[Records from a data collection]
☆ ☆ ☆ ☆ ☆

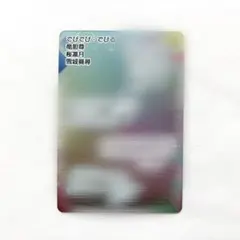 オリジナルカード にじさんじチップスvol.8 シークレット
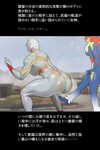 Urban Doujin Magazine Silver Giantess 4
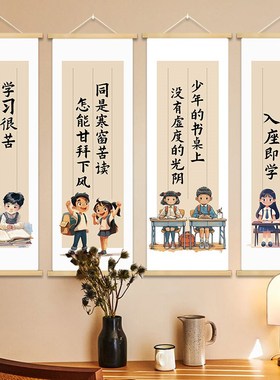 中考加油励志标语墙贴教室布置装饰班级文化学生激励挂牌高考氛围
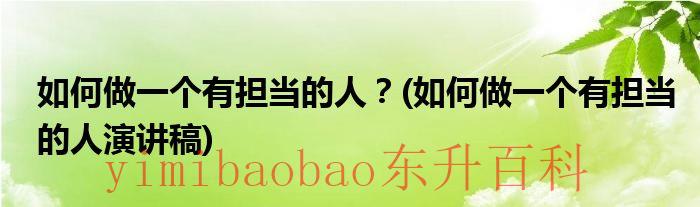 如何做一个有担当的人演讲稿 如何做一个有担当的人ppt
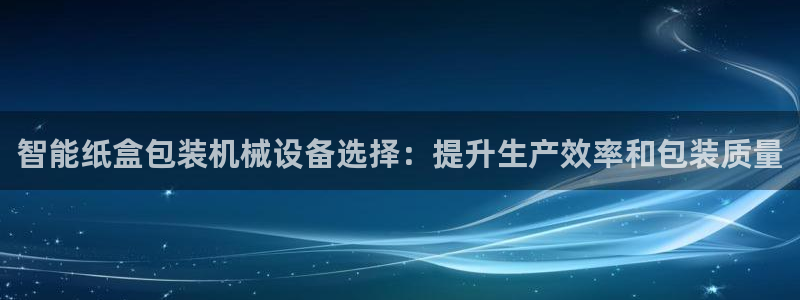九游会官网真人认证吗是真的吗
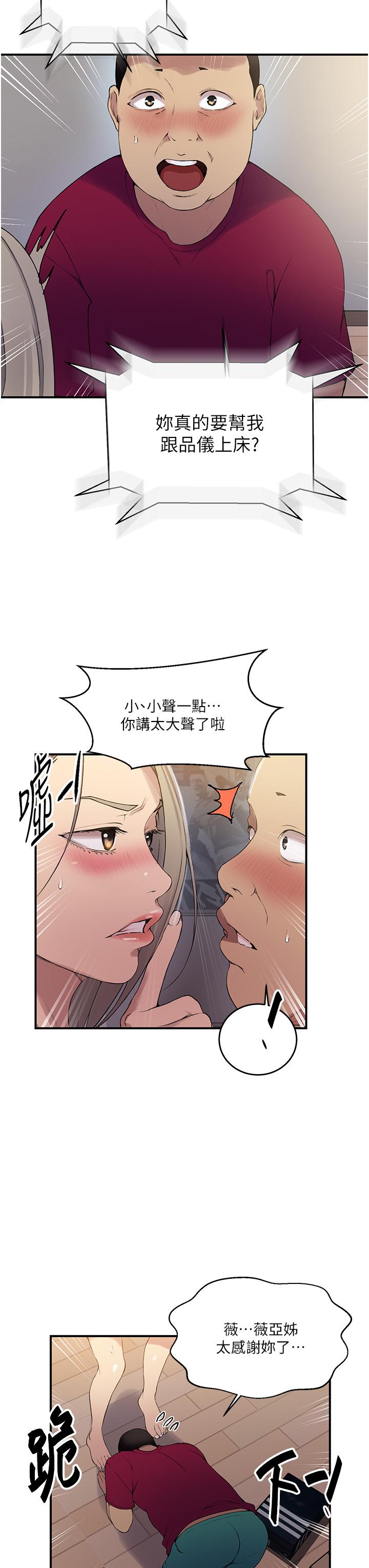 [韩国漫画] 秘密教学 乱伦,熟女人妻,巨乳大奶, 女学生,不伦#[34P]-16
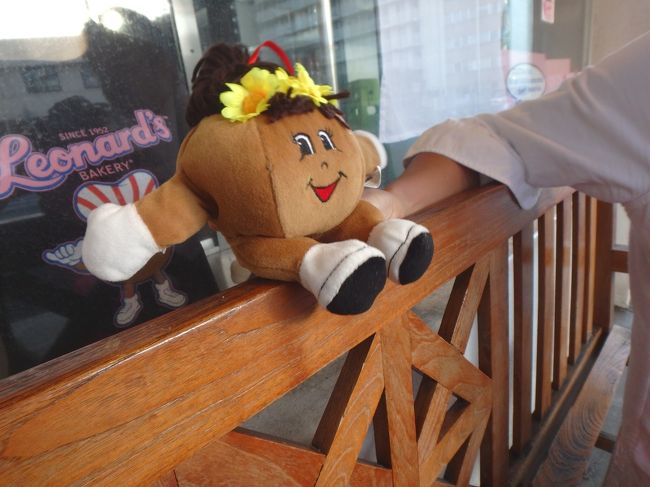 帰りにレナーズに寄ってこの子をゲット！<br />なんかこのムカカワイイ顔が好き 笑<br /><br />家にシェフバージョンの子もいるから、来年は麦わらバージョンの子も買ってコンプリート目指す‼︎<br /><br />マラサダは当然のように美味‼︎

☆ ☆ ☆ ☆ ☆

• _About this exercise_
Reproduce the records above exactly, leaving out every picture they contain.

• _Written response_
 オリジナルカード にじさんじチップスvol.8 シークレット
 Urban Doujin Magazine Silver Giantess 4
 中考加油励志标语墙贴教室布置装饰班级文化学生激励挂牌高考氛围
 如何做一个有担当的人演讲稿 如何做一个有担当的人ppt
九游会官网真人认证吗是真的吗
 [韩国漫画] 秘密教学 乱伦,熟女人妻,巨乳大奶, 女学生,不伦#[34P]-16
 帰りにレナーズに寄ってこの子をゲット！<br />なんかこのムカカワイイ顔が好き 笑<br /><br />家にシェフバージョンの子もいるから、来年は麦わらバージョンの子も買ってコンプリート目指す‼︎<br /><br />マラサダは当然のように美味‼︎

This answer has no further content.